(Image-caption web data)

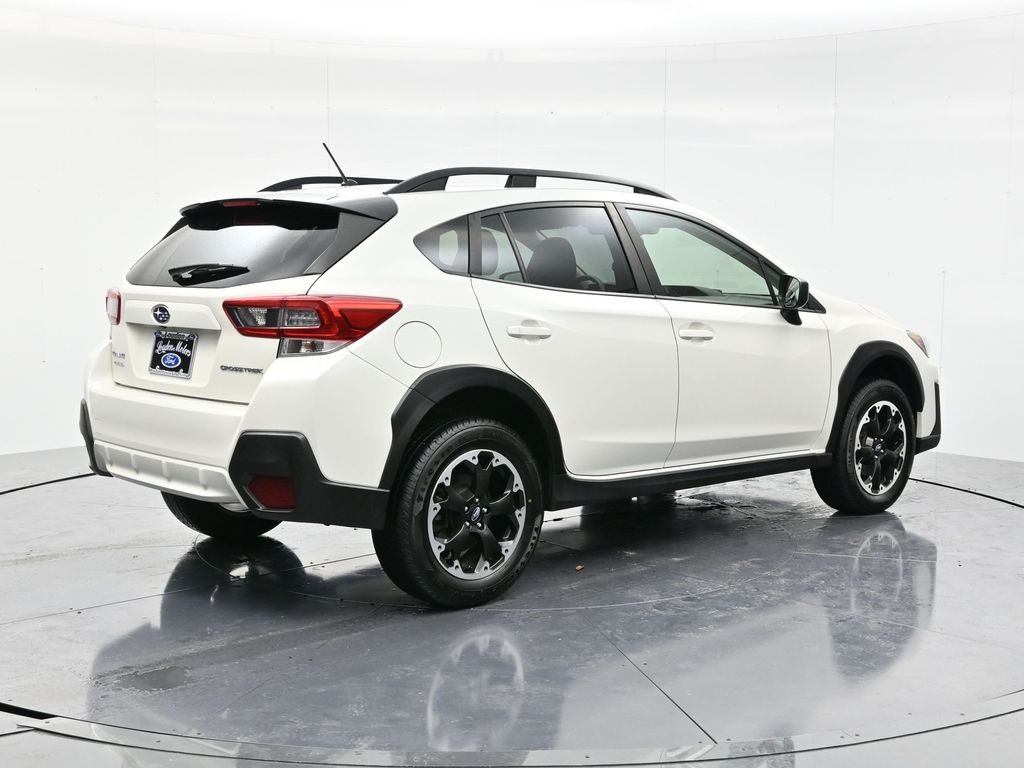 2022 Subaru Crosstrek Base photo 5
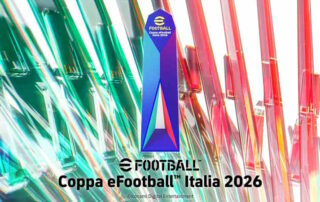 Finali eFootball Italia 2026: domenica si decide il campione - Il Comunicato Ufficiale Konami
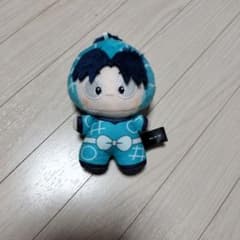 忍たま乱太郎 てちぬい きり丸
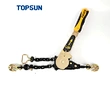 ratchet chain binder
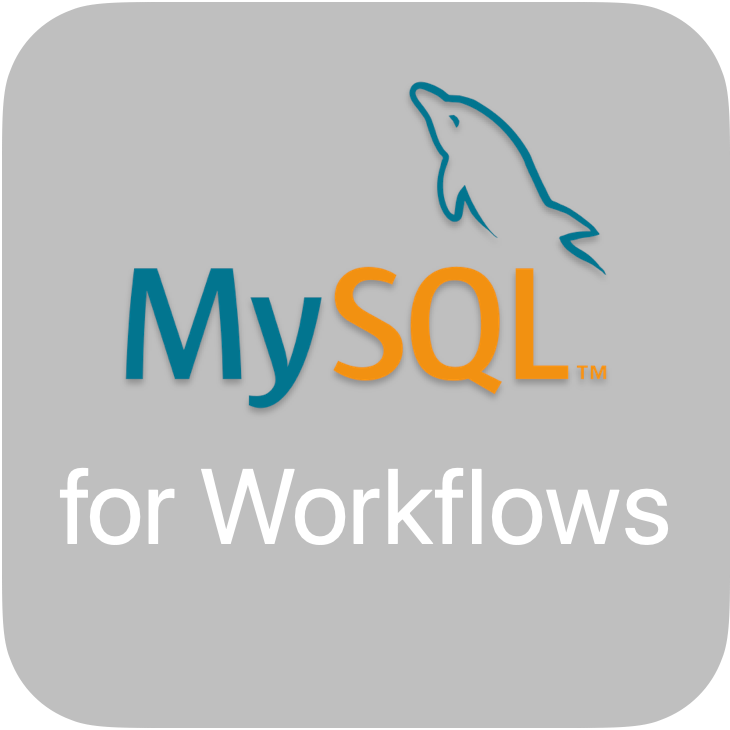 MySQL for LeadConnector Workflows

Your instructions:
Excluding the pictures, reproduce every entry exactly as given.

Exercise response:
 2022 Subaru Crosstrek Base photo 5
 Finali eFootball Italia 2026: domenica si decide il campione - Il Comunicato Ufficiale Konami
 忍たま乱太郎 てちぬい きり丸
 ratchet chain binder
 MySQL for LeadConnector Workflows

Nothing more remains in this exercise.